Silvia never had grand ambitions for being in a band. In fact, the Sugarplum Fairies came about as a result of a "weird coincidence." She'd signed up to take a class on producing through the University of California Los Angeles. When she arrived for the first day of class, she realized it wasn't a class on production.

"It was a singing workshop!" she said, laughing. "I thought, 'Why not?' The teacher seemed to have an interesting personality."

This was serendipitous for Silvia who was introduced to the teacher's boyfriend who'd been working with Tori Amos. He heard a recording she made for class, complimented her vocal style and told her she should pursue a career in music.

Her husband, however, had a strong music background and has been a professional musician since he was 17. His band in Vienna had a major record deal and had grown popular over the years. Silvia said he was actually glad to move to Los Angeles because it meant he could walk down the street without being noticed. Now he is the manager of a local restaurant, something he loves. He writes the music for the Sugarplum Fairies on the side.

The couple's songwriting system is usually harmonious and Silvia said she enjoys the process.

"I find it fascinating to start with an acoustic guitar, add some mumblings, and build it up to a song," she said.

She's not the one who plays the guitar and does the mumbling--that's her husband's role. Benny often gets an idea for a melody in his head and will play it and record it for Silvia. Then she sings lyrics to it, and they listen to it together and talk about it. For the most part the songs are completely finished before they record them and there isn't much tinkering to do. In fact, the last record only took four hours to record.

"It's perfect because each of us can work on our own time schedule," she said. Often, it takes Silvia two or three days to write one song, which "first involves six or seven hours of sitting and staring at the wall."

She hasn't written for eight or nine months now, but is ready to start working on the band's next album. Even though it is frustrating for her to begin the writing process again after such a long time away, Silvia said it is actually better.

"I can't write in between records because it really eats me up. It is really intense when I start again," she said.

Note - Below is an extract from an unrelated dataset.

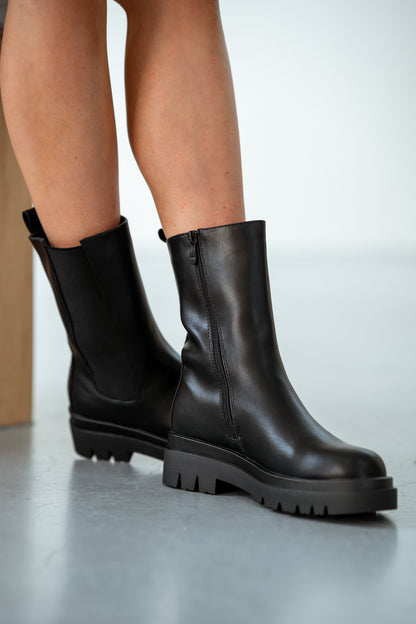 Chelsea Boots Montantes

Silvia's lyrics are often laden with abstract and intriguing imagery and they get right to feelings' razor-sharp edges. For example, the latest album includes lines like "memories like dead bouquets wrapped around with stale clichés," and "the silence between words always hurt the worst" and "you're the one who calls it quits and I never thought we'd end like this." As a result, critics compliment her on her songwriting. However, she humbly says that people think her lyrics are deep because of the language barrier.

"I don't have a writing background," she said. "English is not my first language and I often make mistakes. So I put together words that normal people wouldn't use in daily life. But also, when I write, I take a personal experience and write about it in an abstract way so people can imagine their own story to it."

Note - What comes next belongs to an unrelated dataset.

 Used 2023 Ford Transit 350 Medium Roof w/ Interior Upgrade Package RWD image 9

Her songwriting idols are the members of R.E.M. and Wilco. She admits to being a huge Wilco fan--she bought the I'm Trying to Break Your Heart DVD the day it came out and her husband told her she was crazy.

"My favorite record of [Wilco's] is Summerteeth. It just has brilliant lyrics. [Jeff Tweedy] is my idol for lyric writing," she said.

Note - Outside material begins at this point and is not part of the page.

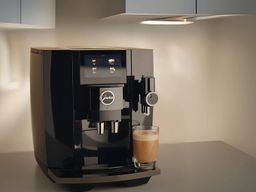 Jura J10 Coffee Machine (Piano Black) – Global Premium Edition by FlexTrade
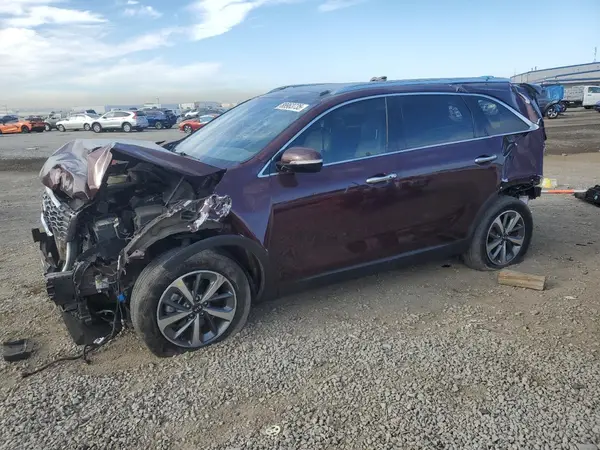 5XYPH4A56KG474072 2019 KIA SORENTO - Image 1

Silvia said she would rather produce and create music in the dining room of her Los Angeles home than perform live. She works with a computer and an external hard drive to put together her records and prefers more subtle routes for marketing her creations. Therefore, she accepts the side effect of relative obscurity because she just doesn't see herself as a live entertainer. Besides, she reminds me, L.A. doesn't really encourage soft music at its live venues.

"In the L.A. scene there's only a handful of clubs that play mellow music," she said. "And after a while you get tired of playing the same places."

And it's not only the places she gets tired of playing--she also tires of her own songs. She finds it interesting that music is the only artistic medium in which people expect the artist to create the same thing over and over again.

"When you paint a picture, that's it, you don't paint it again. In this business people expect you to do the same material," she said.

In order not to get bored, Silvia produces other bands on her Starfish Records label and once a Sugarplum Fairies record is out and getting press, she starts another. She also owns a publishing company and tries to get music onto television shows and in movies. Producing, writing and publishing are where her heart lies.

"I love being in the studio," she said.